Et pourtant, que nous disent les djihadistes sinon que leur seule motivation est religieuse ? Sinon que tout ce qu’ils font est d’abord justifié par la foi qui leur vient du Coran ? C’est à ce véritable déni que s’attaque Jean Birnbaum dans un livre tout en nuances, en finesse et en érudition intitulé Un silence religieux (Seuil).
Au fond, nous dit le directeur du cahier littéraire du journal Le Monde, la gauche — car il s’agit surtout d’elle — adhère à une vision à ce point « progressiste » du monde, où les religions sont censées s’effacer devant la raison, qu’elle n’est même plus capable de penser le religieux, d’en comprendre les mécanismes et d’en mesurer la force de conviction. Au mieux, la religion ne serait qu’une trace de l’ancien monde qui disparaîtra bientôt. Jamais elle ne peut être perçue comme une force du présent, et encore moins de l’avenir.

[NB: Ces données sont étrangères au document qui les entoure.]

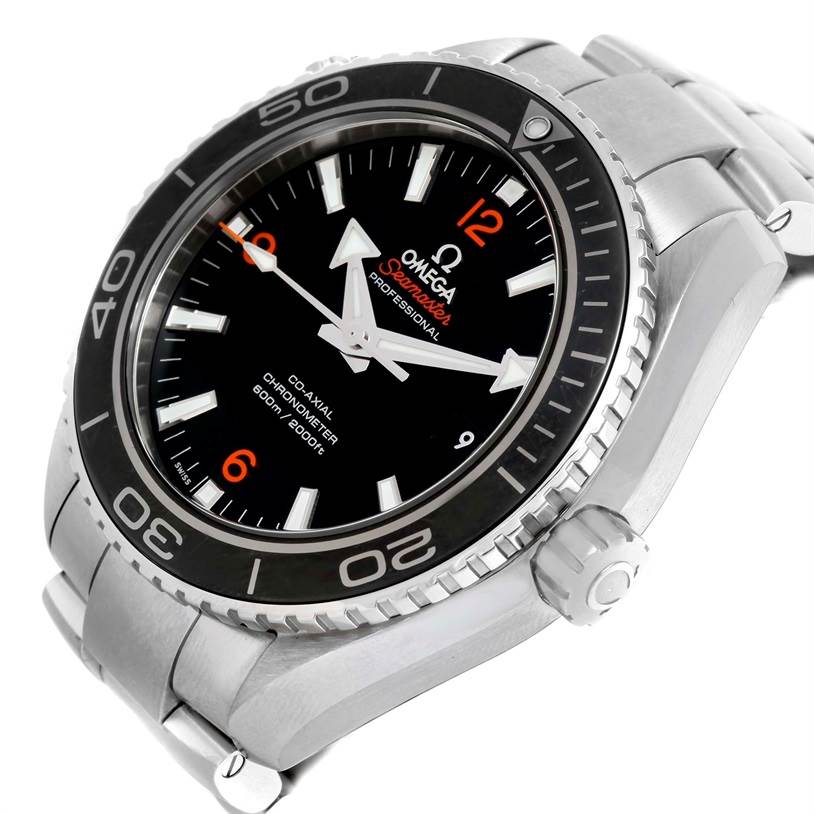 This image shows a side angle of the Omega Planet Ocean 232.30.46.21.01.003 Men
s Stainless Steel Black Dial 232.30.46.21.01.003 Men
s Stainless Steel Black Dial watch, highlighting the dial, bezel, and stainless steel bracelet.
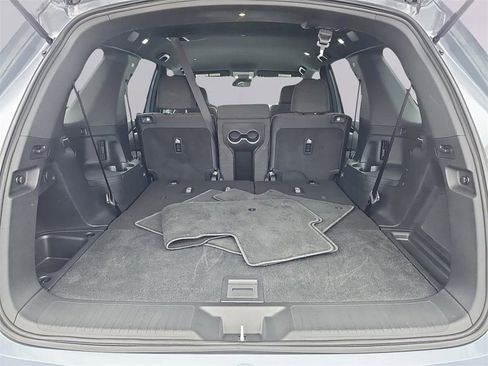 Used 2025 Honda Pilot Sport image 30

C’est bien là ce qu’on appelle un déni. Or, cette cécité vient de loin, rappelle ce disciple du philosophe Jacques Derrida. Birnbaum montre avec quel zèle la gauche française qui soutenait avec raison la libération de l’Algérie n’avait pas voulu voir les racines souvent religieuses de cette guerre d’indépendance. Or, sans l’islam, le Front de libération nationale n’aurait jamais pu mobiliser les masses algériennes. À gauche, on voyait bien les signes d’un combat contre les infidèles, mais l’émancipation allait y remédier et faire disparaître ces stigmates du passé. Ce n’était qu’une question de temps.

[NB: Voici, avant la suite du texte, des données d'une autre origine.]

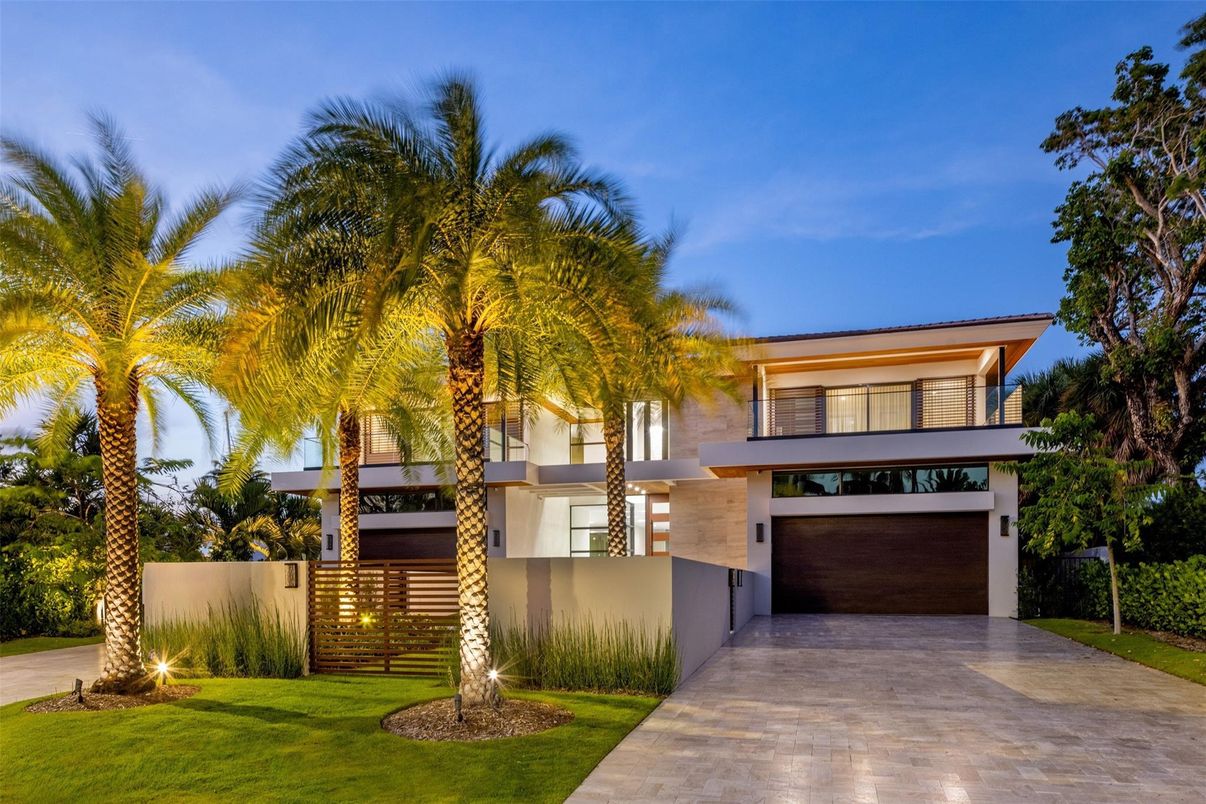 Attached, Exterior, Facade, Modern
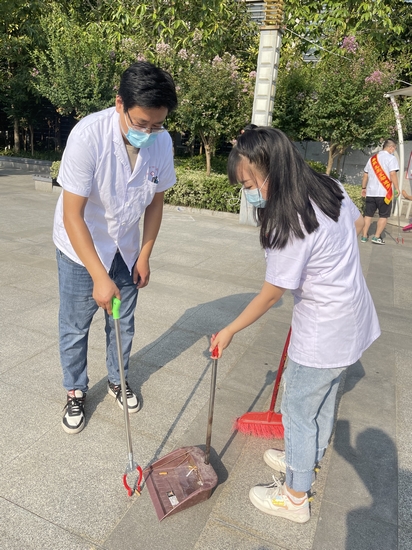 干凈清潔看我的 志愿服務(wù)在行動 ——我院團(tuán)委組織開展志愿者服務(wù)活動(圖4)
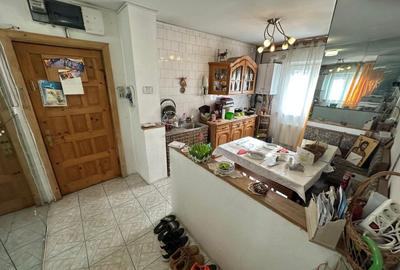 Apartament cu 3 camere semidecomandat în Girocului - 2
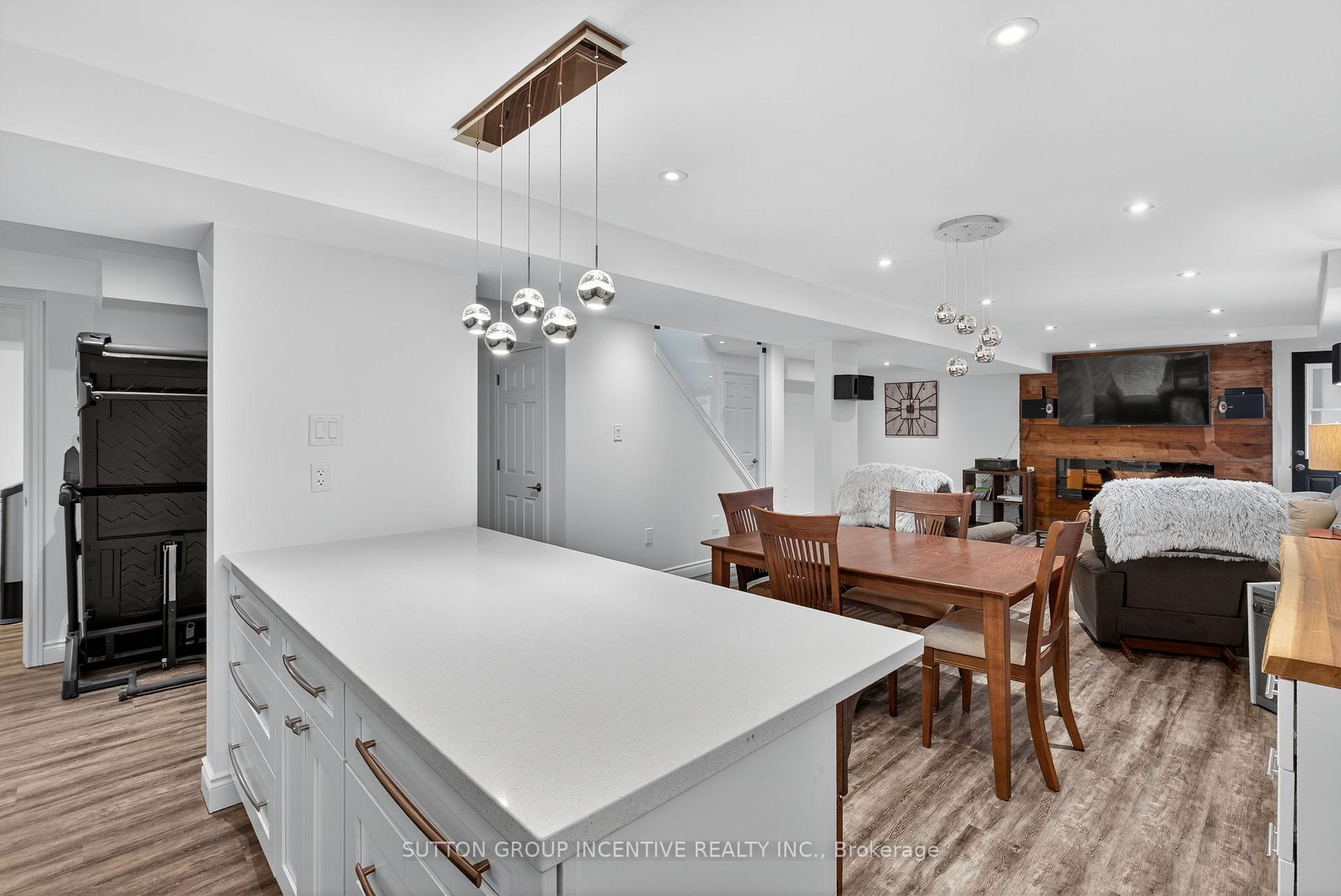 Photo 17 of 6 Sundew Drive, Barrie, Holly — HOMEH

Birnbaum rappelle que le philosophe Michel Foucault avait bien vu, lui, dans la révolution iranienne une révolution spirituelle comparable aux révoltes protestantes en Europe. Mais on ne le prendra pas au sérieux, convaincu que le progrès matériel aurait raison de ces vieilleries. Birnbaum remonte même jusqu’à Marx, dont les héritiers ne verront dans la religion que le simple « soupir de la créature opprimée ».